# Making an image of the Mandelbrot set using `htcondor-dags`

## Making a Mandelbrot set image locally

We'll use `goatbrot` (https://github.com/beejjorgensen/goatbrot) to make the image.
It can be run from the command line, and takes a series of options to specify which part of the Mandelbrot set to draw, as well as the properties of the image itself.

`goatbrot` options:
- `-i 1000` The number of iterations.
- `-c 0,0` The center point of the image region.
- `-w 3` The width of the image region.
- `-s 1000,1000` The pixel dimensions of the image.
- `-o test.ppm` The name of the output file to generate.

In [None]:
! ./goatbrot -i 1000 -c 0,0 -w 3 -s 1000,1000 -o test.ppm
! convert test.ppm test.png

## What is the workflow?

We can parallelize this calculation by drawing sub-regions of the full region ("tiles") we want and stitching them together into a single image using `montage`.

In [None]:
from graphviz import Digraph
import itertools

num_tiles_per_side = 2

dot = Digraph()

dot.node('montage')
for x, y in itertools.product(range(num_tiles_per_side), repeat = 2):
    n = f'tile_{x}-{y}'
    dot.node(n)
    dot.edge(n, 'montage')

dot

## Describing `goatbrot` as an HTCondor job

We describe a job using a `Submit` object. 
It corresponds to the submit *file* used by the command line tools.
It mostly behaves like a standard Python dictionary.

In [None]:
import htcondor

tile_description = htcondor.Submit(
    executable = 'goatbrot',
    arguments = '-i 10000 -c $(x),$(y) -w $(w) -s 500,500 -o tile_$(tile_x)-$(tile_y).ppm',
    log = 'mandelbrot.log',
    output = 'goatbrot.out.$(tile_x)_$(tile_y)',
    error = 'goatbrot.err.$(tile_x)_$(tile_y)',
    request_cpus = '1',
    request_memory = '128MB',
    request_disk = '1GB',
)

print(tile_description)

Notice the heavy use of macros to specify the tile.
Those aren't built-in submit macros; instead, we will plan on passing their values in through **itemdata**.
In `htcondor-dags`, itemdata and DAGMan's `VARS` are largely synonymous.

In [None]:
def make_tile_vars(num_tiles_per_side, width = 3):
    width_per_tile = width / num_tiles_per_side
    
    centers = [
        width_per_tile * (n + 0.5 - (num_tiles_per_side / 2)) 
        for n in range(num_tiles_per_side)
    ]
    
    vars = []
    for (tile_y, y), (tile_x, x) in itertools.product(enumerate(centers), repeat = 2):
        var = dict(
            w = width_per_tile,
            x = x,
            y = -y,
            tile_x = str(tile_x).rjust(5, '0'),
            tile_y = str(tile_y).rjust(5, '0'),
        )
        
        vars.append(var)
        
    return vars

In [None]:
tile_vars = make_tile_vars(2)
for var in tile_vars:
    print(var)

## Describing montage as an HTCondor job

Now we can write the `montage` job description. 
The problem is that the arguments and input files depend on how many tiles we have, which we don't know ahead-of-time.
We'll take the brute-force approach of just writing a function that takes the tile `vars` we made in the previous section and using them to build the `montage` job description.

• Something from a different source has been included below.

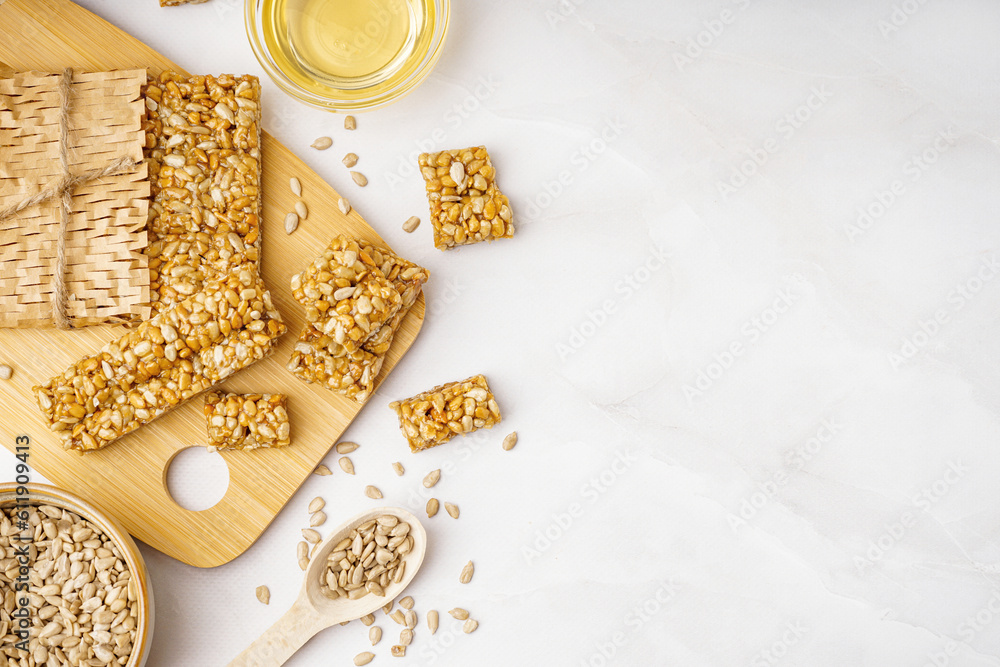 Wooden board with tasty kozinaki, sunflower seeds and bowl of honey on white background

This would be a good place for improvements:
- Removing duplicated knowledge between the information here and in `make_tile_vars`, like the output filename.
- Using fancier submit description magic to handle the input files (although `montage` still cares about the specific order of the files).

In [None]:
def make_montage_description(tile_vars):
    num_tiles_per_side = int(len(tile_vars) ** .5)
    
    input_files = [f'tile_{d["tile_x"]}-{d["tile_y"]}.ppm' for d in tile_vars]
    
    return htcondor.Submit(
        executable = '/usr/bin/montage',
        arguments = f'{" ".join(input_files)} -mode Concatenate -tile {num_tiles_per_side}x{num_tiles_per_side} mandelbrot.png',
        transfer_input_files = ', '.join(input_files),
        log = 'mandelbrot.log',
        output = 'montage.out',
        error = 'montage.err',
        request_cpus = '1',
        request_memory = '128MB',
        request_disk = '1GB',
    )

In [None]:
montage_description = make_montage_description(make_tile_vars(2))

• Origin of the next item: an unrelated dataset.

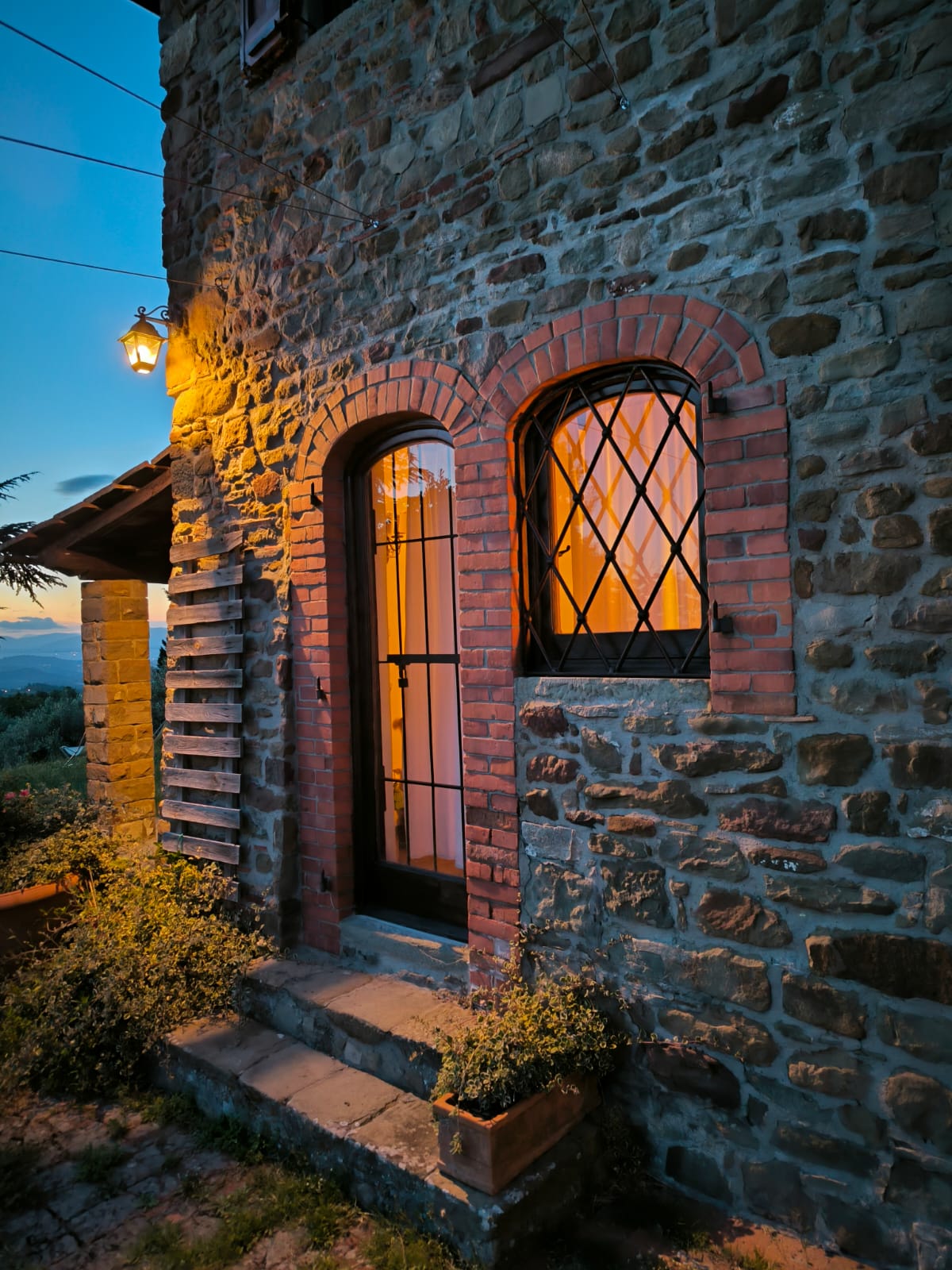 The entrance of the villa features arched brick doorways with diamond-patterned windows. Warm, orange light emanates from within, contrasting against the rustic stone facade. Surrounding greenery is visible, creating a welcoming ambiance as twilight approaches.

print(montage_description)

## Describing the DAG using `htcondor-dags`

Now that we have the job descriptions, all we have to do is use `htcondor-dags` to tell DAGMan about the dependencies between them.

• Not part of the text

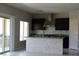Modern kitchen with stainless steel appliances, dark cabinets, island and sliding glass door at 9065 Mastodon Ave, Las Vegas, NV 89149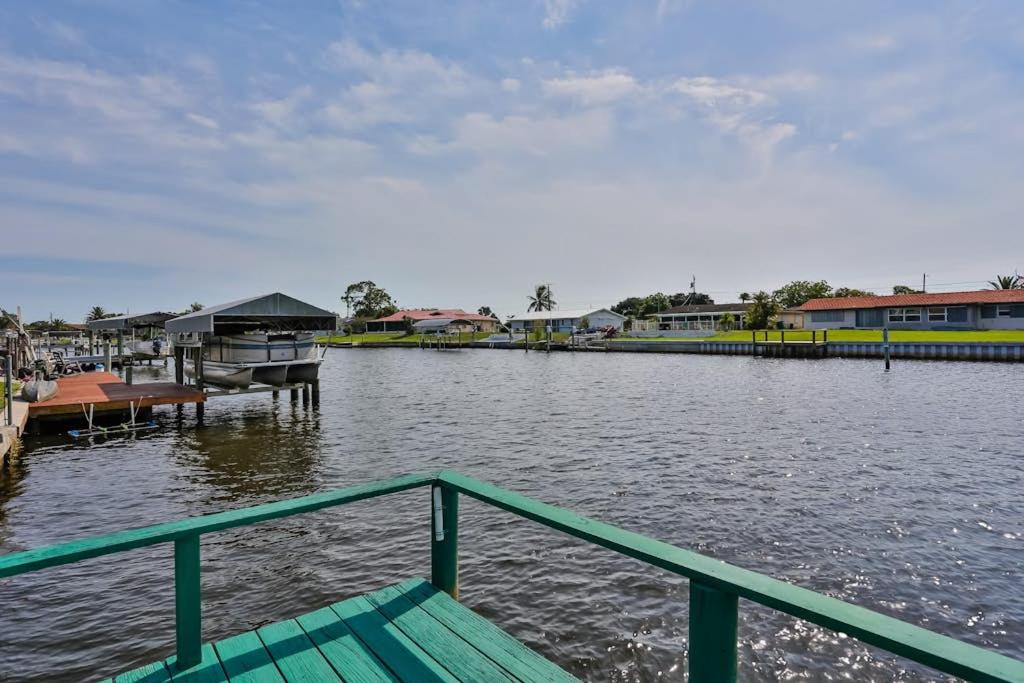 a boat on a river with a dock and houses at Tarpon Lagoon in Port Charlotte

**Important Concept:** the code from `dag = dags.DAG()` onwards only defines the **topology** (or **structure**) of the DAG. 
The `tile` layer can be flexibly grown or shrunk by adjusting the `tile_vars` without changing the topology, and this can be clearly expressed in the code.
The `tile_vars` are driving the creation of the DAG.

In [None]:
import htcondor_dags as dags

num_tiles_per_side = 2

tile_vars = make_tile_vars(num_tiles_per_side)

dag = dags.DAG()

tile_layer = dag.layer(
    name = 'tile',
    submit_description = tile_description,
    vars = tile_vars,
)

montage_layer = tile_layer.child(
    name = 'montage',
    submit_description = make_montage_description(tile_vars),
)

In [None]:
print(dag.describe())

## Write the DAG to disk

We still need to write the DAG to disk to get DAGMan to work with it.

In [None]:
from pathlib import Path
import shutil

dag_dir = Path('mandelbrot-dag').absolute()

# blow away any old stuff
shutil.rmtree(dag_dir, ignore_errors = True)

dag_file = dag.write(dag_dir)
shutil.copy2('goatbrot', dag_dir)

print('DAG directory:', dag_dir)
print('DAG file:', dag_file)

## Submit the DAG via the bindings

Since `8.9.3`, we can now do the equivalent of `condor_submit_dag` from the Python bindings!  

In [None]:
dag_submit = htcondor.Submit.from_dag(str(dag_file), {'force': 1})

print(dag_submit)

In [None]:
import os
os.chdir(dag_dir)

schedd = htcondor.Schedd()
with schedd.transaction() as txn:
    cluster_id = dag_submit.queue(txn)
    
print(cluster_id)

os.chdir('..')

For crude progress tracking, we can just tail the DAGMan log:

In [None]:
! tail -f mandelbrot-dag/dagfile.dag.dagman.out